A student of Plato who held that pleasure is the supreme Good. His arguments are as follows:
  • All creatures, rational and irrational, are attracted to pleasure.
  • What is desirable is good, so what is most desirable must be Best.
  • Since all creatures desire pleasure, that which draws all must be best for all.
  • That which is good for all must be the supreme Good.
Eudoxus felt that the best "desirable" things were those that were not chosen as a means to some other desirable thing; and that pleasure was this kind of thing. No one ever asks why a person would want to enjoy herself. So pleasure is something seeked for its own sake alone; and for this reason, to Eudoxus at least, its a noble end.

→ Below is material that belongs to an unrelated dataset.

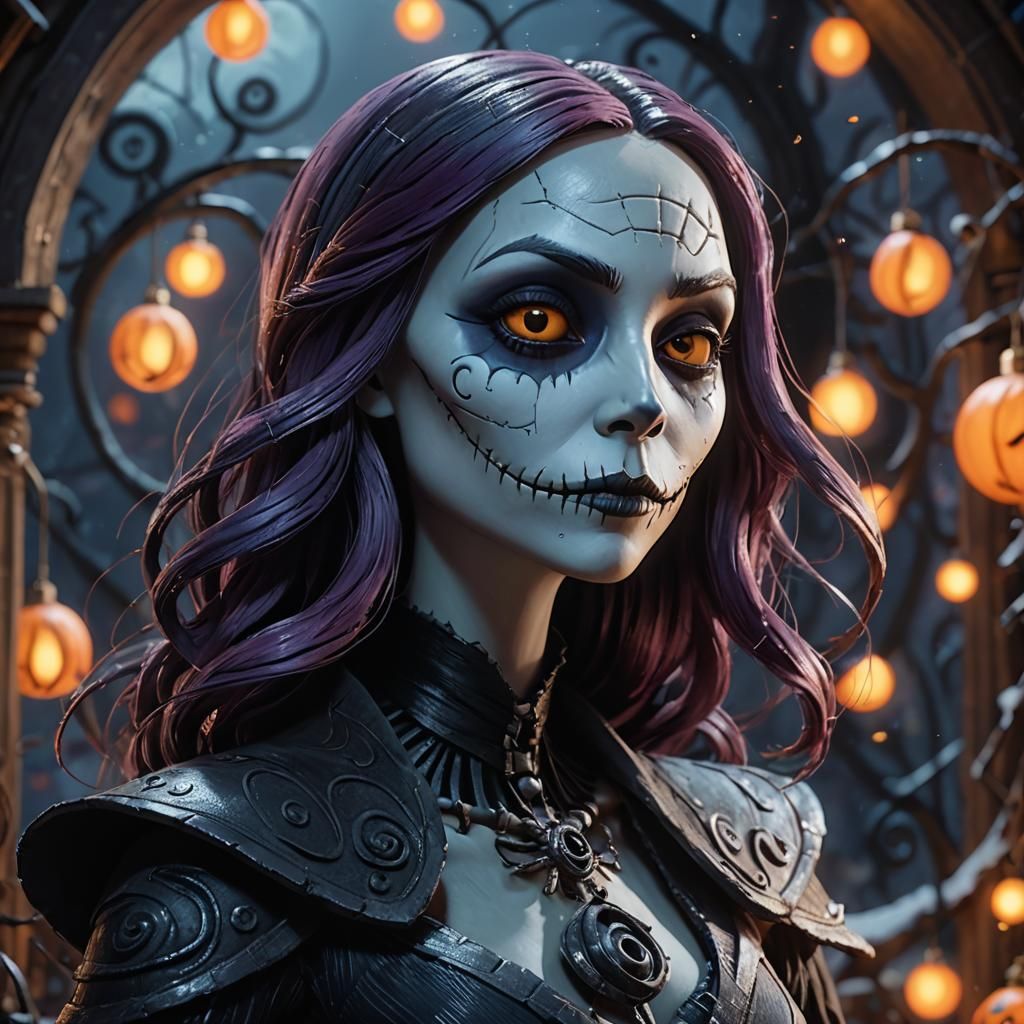 Nightmare Before Christmas Portrait in Art Nouveau Style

Aristotle, in Book 10 of the Nicomachean Ethics, tells us that Eudoxus was a man of excellent character and self control. So people did not believe he advocated this position because he himself was a pleasure seeker, but because "the facts really were so." (It need hardly be stated that Aristotle goes on to demolish this simple and pleasant ethic.)

What Aristotle did not bring up is this: if pleasure is the supreme good, and if Eudoxus was a man of exceptional self control (meaning, I assume, that he did not conspicuously pursue pleasure), why wasn't Eudoxus held to be a hypocrite? His contemporaries seemed to admire Eudoxus for his self denial but, given the views he was spouting, they should have reviled him on the same account.

Eudoxus of Cnidus (408-355 BCE) was a mathematician, astronomer, and philosopher. (If you want to be thorough, he was also a theologian, meteorologist, Doctor, geographer, and did some government work).

He was born in Cnidus, on the Resadiye peninsula in what is now Turkey. His father was Aischines, but his mother's name does not seem to have been recorded. He traveled to Athens to study, where he had a couple of famous teachers, Archytas (mathematics) and Plato (Philosophy and astronomy). Then then traveled the world for a bit, stopping in Cyzicus for a while to set up a School, which was quite well know at the time. He also wrote a number of works on various subjects, but unfortunately all have since been lost.

After he finished his studies in Athens, Eudoxus traveled to Egypt where he studied astronomy with the priests in the city of Heliopolis. After returning to Cnidus (by circuitous rout) he built an observatory. From here he observed the movements of the constellations, on which he wrote two books Mirror and Phaenomena. He also developed a theory of planetary movement, based on the Pythagorean theory of the spheres. Eudoxus' homocentric sphere system is quite complex, and a complete description should be left to that node. To put it simply, Eudoxus proposed that there were a number of perfect spheres rotating about the earth (upon which the sun and stars resided), and that the axis of each passed through the earth. But to explain some of the confusing movements of celestial bodies, he added the idea that the axes were not fixed but were rotating ('wobbling', so to speak. Confused? Visualize the axis as a strait line passing through the earth. The ends of this axis are describing small figure eights, even as the celestial sphere continues to rotate around the axis. Hope that helped).

While the homocentric sphere system is Eudoxus' best known idea, overall he is probably better know as a mathematician than an astronomer. Unfortunately I am no good at math, and can't explain his ideas in any great detail. I'll give you a brief overview here, and leave it to someone else to fill in the actual mathematics.

The Axiom of Eudoxus became the basis of Book V of Euclid's Elements. It states "Magnitudes are said to have a ratio to one another which is capable, when a multiple of either may exceed the other." This solves the problem of how one might compare lines of rational and irrational lengths. Eudoxus also gave conditions under which two ratios could be considered equal:

"Magnitudes are said to be of the same ratio, the first to the second and the third to the fourth, when, if any equimultiples whatever be taken of the first and the third, and any equimultiples whatever of the second and fourth, the former equimultiples alike exceed, are alike equal to, or are alike less than the latter equimultiples taken in corresponding order."
Together these allowed mathematicians to start working with irrational numbers.

The method of exhaustion put forth by Eudoxus also appears in Euclid's Elements (Book X, Proposition 1). It's over my head, but it is well noded here.

Eudoxus came up with proofs for the formulas for the volume of a pyramid and cone. He also worked on the classic puzzle of the duplication of the cube; it's possible that he used the kampyle curve while searching for a solution to this problem, and because of this it is know as the Kampyle of Eudoxus.